START Data shown

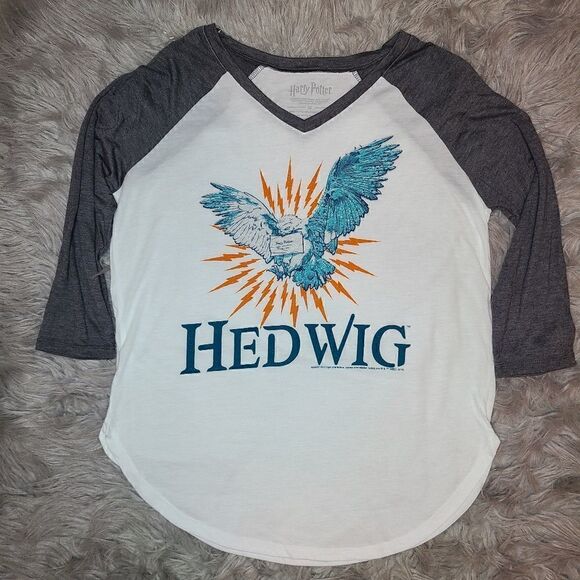 Harry Potter Hedwig Baseball Tee - Picture 1 of 5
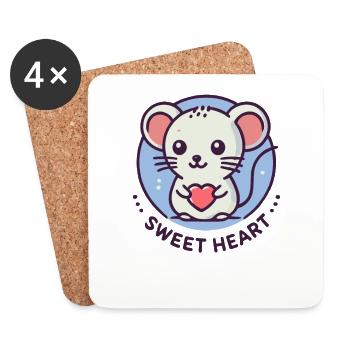 Douce souris d’amour avec coeur - Dessous de verre (lot de 4) - blanc - Devant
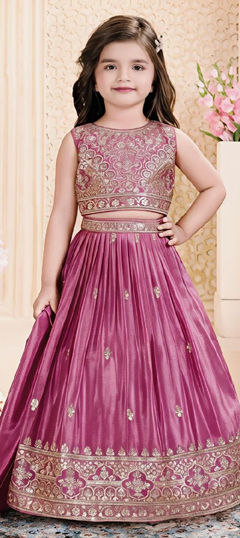 Pink and Majenta color Kids Lehenga in Silk fabric with Embroidered work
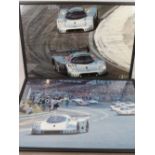 A set of four Sauber Mercedes Le Mans colour prints, each framed and glazed, 59 x 84cm.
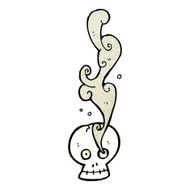cartoon smoking skull N13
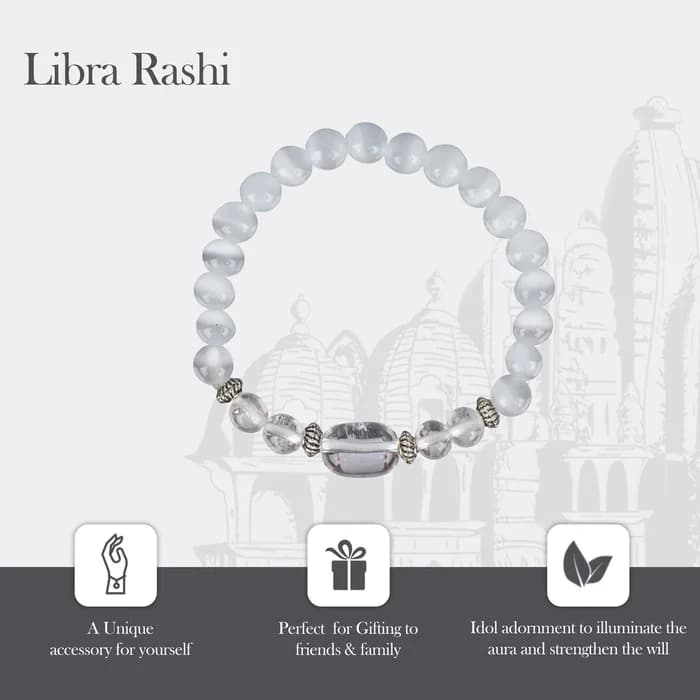 Sphatik & Selenite Zodiac Band – Libra (तुला राशि)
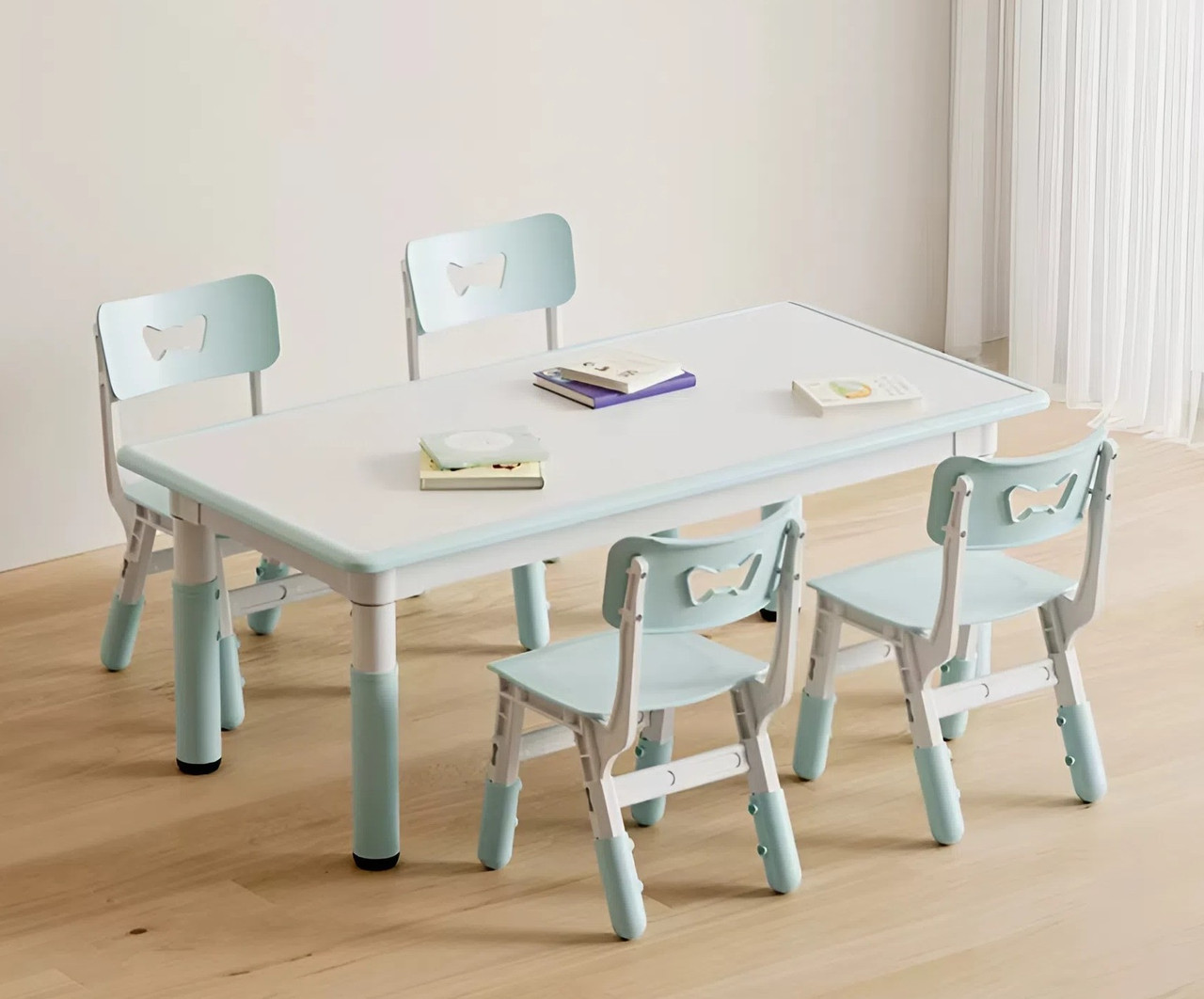 Регульований столик з мольбертом Terrio і 4 стільці ( Бірюзовий)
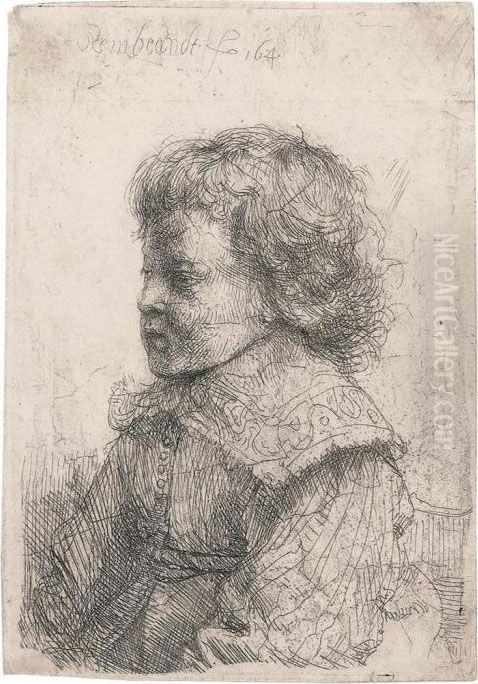 Portrait Of A Boy, In Profile Oil Painting by Harmenszoon van Rijn Rembrandt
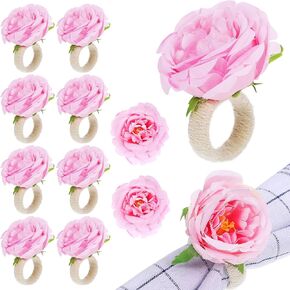 ULTECHNOVO 12pcs Napkin Rings, Flower Napkin Rings Buckles Handmade Imitation Flower Napkin Ring Napkin Rings Holders for Table Decorations, Christmas, Wedding, Dinner,Party, DIY Decoration（Pink）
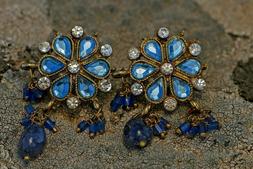 Indian Gold Tone Blue Sparkly Beaded Earrings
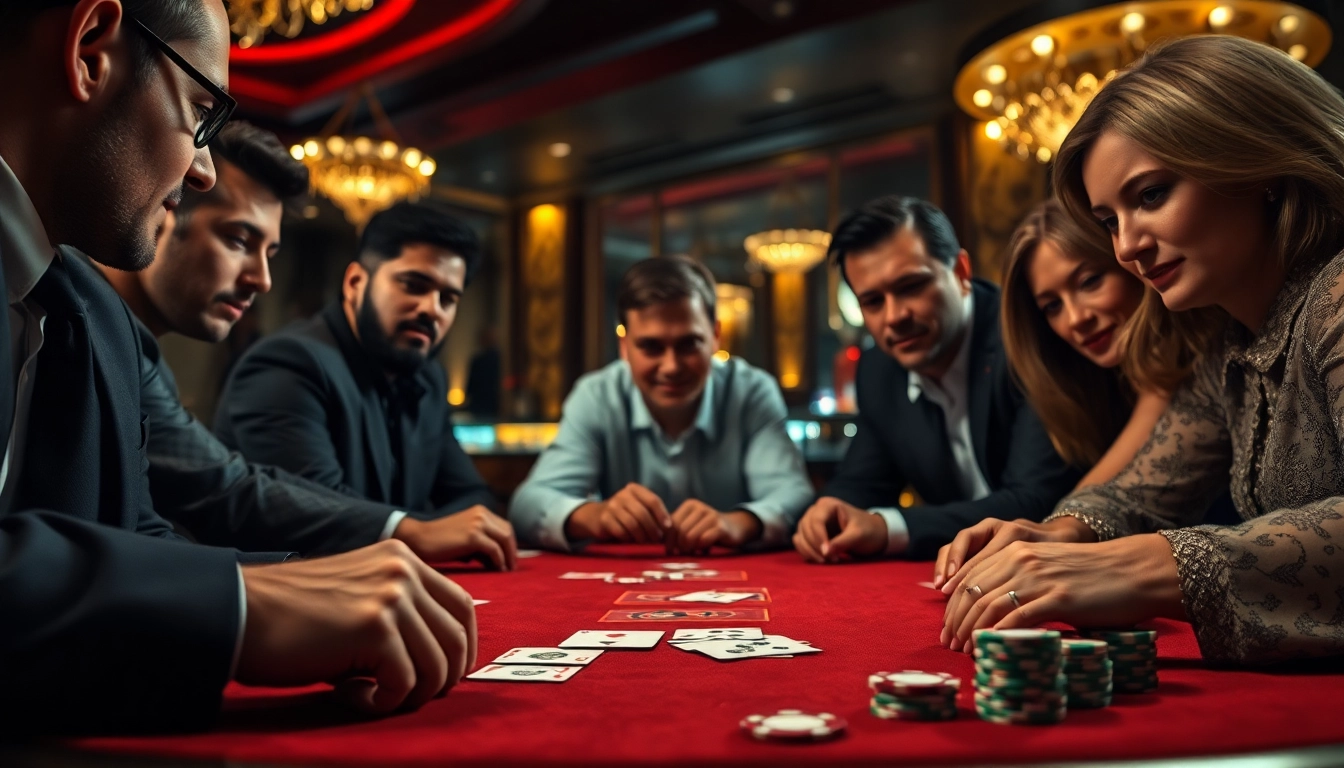 Engaged players in a Poker Game strategizing at a casino table with chips and cards.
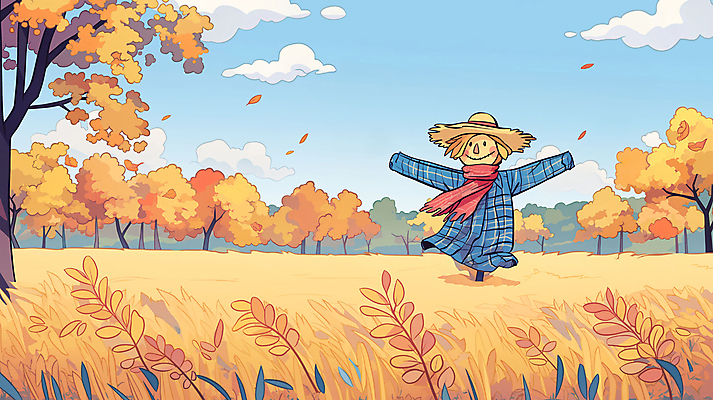 JPG 단풍 밭 일러스트 자연 미소 사람없음 귀여움 수확 가을 시골 허수아비 국내일러스트 AI일러스트 AI콘텐츠 계절 컨셉 잎 농업 표정 생태계 파일형식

END Data shown

All lines above starting at the one with "Douce souris d’amour" and ending at the one with "Регульований столик з", inclusive, are to be printed again exactly, with the pictures left out.

### Task answer
 Douce souris d’amour avec coeur - Dessous de verre (lot de 4) - blanc - Devant
 Pink and Majenta color Kids Lehenga in Silk fabric with Embroidered work
 A set of four Sauber Mercedes Le Mans colour prints, each framed and glazed, 59 x 84cm.
cartoon smoking skull N13
 Sphatik & Selenite Zodiac Band – Libra (तुला राशि)
 Регульований столик з мольбертом Terrio і 4 стільці ( Бірюзовий)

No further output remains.